Kefir is a powerful probiotic from Eastern Europe, made from fermented milk. The best kefir is made from goat’s milk, as scientists have confirmed than goats milk is more beneficial to human health than cow’s milk.
Until fairly recently, kefir was the closely guarded secret of the inhabitants of the Black Caucasus Mountains, who live to an extremely advanced and healthy old age.
Kefir is made by mixing milk with kefir “grains” until a thick, creamy drinking substance is achieved.
Kefir grains are not really grains at all, but living clusters of yeasts and bacteria that look a bit like small soft pieces of white coral. These grains consist of casein and gelatinous colonies of microorganisms that are grown together symbiotically, producing a uniquely powerful and beneficial, fizzy substance.

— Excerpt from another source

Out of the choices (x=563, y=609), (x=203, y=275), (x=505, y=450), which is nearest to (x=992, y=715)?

The kefir grains ferment the milk, incorporating their own friendly organisms to create the cultured product. The kefir grains are then removed with a strainer before the consumption of the drinking kefir, and the grains are added to a new batch of milk to begin the process all over again.

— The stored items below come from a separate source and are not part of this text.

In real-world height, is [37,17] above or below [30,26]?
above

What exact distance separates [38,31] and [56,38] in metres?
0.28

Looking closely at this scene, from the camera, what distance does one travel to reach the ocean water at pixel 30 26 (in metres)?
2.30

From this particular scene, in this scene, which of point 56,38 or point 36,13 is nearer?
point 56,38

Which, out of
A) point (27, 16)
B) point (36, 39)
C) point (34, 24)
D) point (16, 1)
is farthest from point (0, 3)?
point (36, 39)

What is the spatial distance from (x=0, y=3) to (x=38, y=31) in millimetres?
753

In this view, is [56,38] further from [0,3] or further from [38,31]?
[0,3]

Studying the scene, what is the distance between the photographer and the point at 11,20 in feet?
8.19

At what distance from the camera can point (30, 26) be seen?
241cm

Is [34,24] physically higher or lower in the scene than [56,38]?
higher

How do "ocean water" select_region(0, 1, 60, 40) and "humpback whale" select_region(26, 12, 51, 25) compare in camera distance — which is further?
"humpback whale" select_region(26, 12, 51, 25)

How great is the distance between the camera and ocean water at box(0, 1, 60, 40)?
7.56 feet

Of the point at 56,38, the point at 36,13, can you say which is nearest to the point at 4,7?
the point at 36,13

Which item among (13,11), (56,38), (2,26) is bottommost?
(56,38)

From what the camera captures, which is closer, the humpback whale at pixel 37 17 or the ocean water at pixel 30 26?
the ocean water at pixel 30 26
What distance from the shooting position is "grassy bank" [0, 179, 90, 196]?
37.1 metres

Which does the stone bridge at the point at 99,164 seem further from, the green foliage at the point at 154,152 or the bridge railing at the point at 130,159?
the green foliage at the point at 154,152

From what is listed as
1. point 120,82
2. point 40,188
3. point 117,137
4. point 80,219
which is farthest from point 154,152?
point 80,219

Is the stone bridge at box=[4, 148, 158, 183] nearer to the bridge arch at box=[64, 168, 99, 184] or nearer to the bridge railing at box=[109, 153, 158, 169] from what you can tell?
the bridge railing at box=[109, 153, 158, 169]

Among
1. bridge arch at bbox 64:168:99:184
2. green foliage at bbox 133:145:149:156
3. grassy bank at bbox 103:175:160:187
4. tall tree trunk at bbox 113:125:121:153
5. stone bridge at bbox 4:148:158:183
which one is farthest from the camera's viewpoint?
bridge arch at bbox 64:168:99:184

Kefir grains cannot be manufactured – they can only grow from other kefir grains. Properly looked after, kefir grains will live indefinitely, reproducing and continually doubling in size as they grow. And where the very first kefir grain came from, no one knows! It is a mystery, lost in the 1900 year-old history of kefir.
The dominant microflora in kefir are Saccharomyces kefir, Torula kefir, Lactobacillus caucasus, Leuconostoc species and lactic streptococci, along with beneficial yeasts. It is the vast diversity and symbiotic nature of these helpful microorganisms which make kefir special and set it apart from other cultured milk products, which usually contain only one or two strains of bacteria.